Perspectivas & Orientações de trading

No curto prazo (próximos 1–3 meses), os preços do trigo ucraniano devem permanecer sob pressão baixista em relação às referências globais, à medida que a capacidade de exportação segue limitada e os estoques no interior aumentam. Qualquer reabertura sustentada ou normalização parcial do tráfego no Mar Negro poderia rapidamente apertar os diferenciais locais, mas o timing é altamente incerto e sujeito ao risco geopolítico. Até lá, a liquidez será reduzida e fortemente dependente das rotas, com as capacidades do Danúbio e dos portos da UE atuando como o principal limitador dos fluxos físicos.

  • Agricultores ucranianos: Produtores com armazenagem adequada na fazenda devem considerar reter uma parte dos estoques de trigo, conforme recomendam especialistas locais, para evitar vender em um fundo de mercado provocado pela logística e preservar a exposição a uma eventual flexibilização das restrições de exportação.
  • Exportadores e traders: Foquem em opcionalidade flexível via portos do Danúbio e da UE, precificando custos elevados de frete e seguro. Façam hedge cuidadoso do risco de base, pois os preços domésticos podem ficar atrasados em relação aos futuros globais se o acesso aos portos permanecer restrito.
  • Compradores e moinhos da UE: Aproveitem as divergências atuais para garantir cobertura no curto prazo, mas evitem assumir posições excessivas a preços internacionais elevados, dado o potencial de fluxos adicionais de trigo ucraniano entrarem na Europa por rotas alternativas mais adiante na temporada.
  • Gestores de risco: Mantenham proteção de alta nos futuros globais de trigo, estando preparados ao mesmo tempo para fraqueza da base local na Ucrânia e em partes da Europa Central, caso a congestão de exportação persista.

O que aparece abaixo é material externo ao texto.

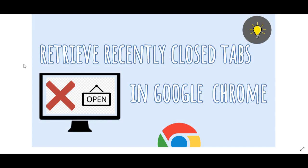Hey there guys, welcome back to Tech Easily. In this video I'll show you how to retrieve or reopen recently closed tabs in my browser of choice, which is Google Chrome.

Nos próximos três dias de negociação, esperamos:

  • Ucrânia (CPT Odesa): Ofertas de compra de trigo tendendo de estáveis a ligeiramente mais fracas em termos de EUR, com alguns elevadores ampliando descontos para graus inferiores onde a armazenagem está apertada.
  • UE (FOB França, EXW Alemanha): Preços levemente firmes a dentro de faixa, à medida que os mercados consolidam os prêmios de risco recentes e monitoram novas notícias do Mar Negro.
  • EUA (FOB Golfo / ligado ao CBOT): Níveis elevados, porém voláteis, acompanhando as notícias geopolíticas e o sentimento mais amplo de commodities, com viés de volatilidade para cima.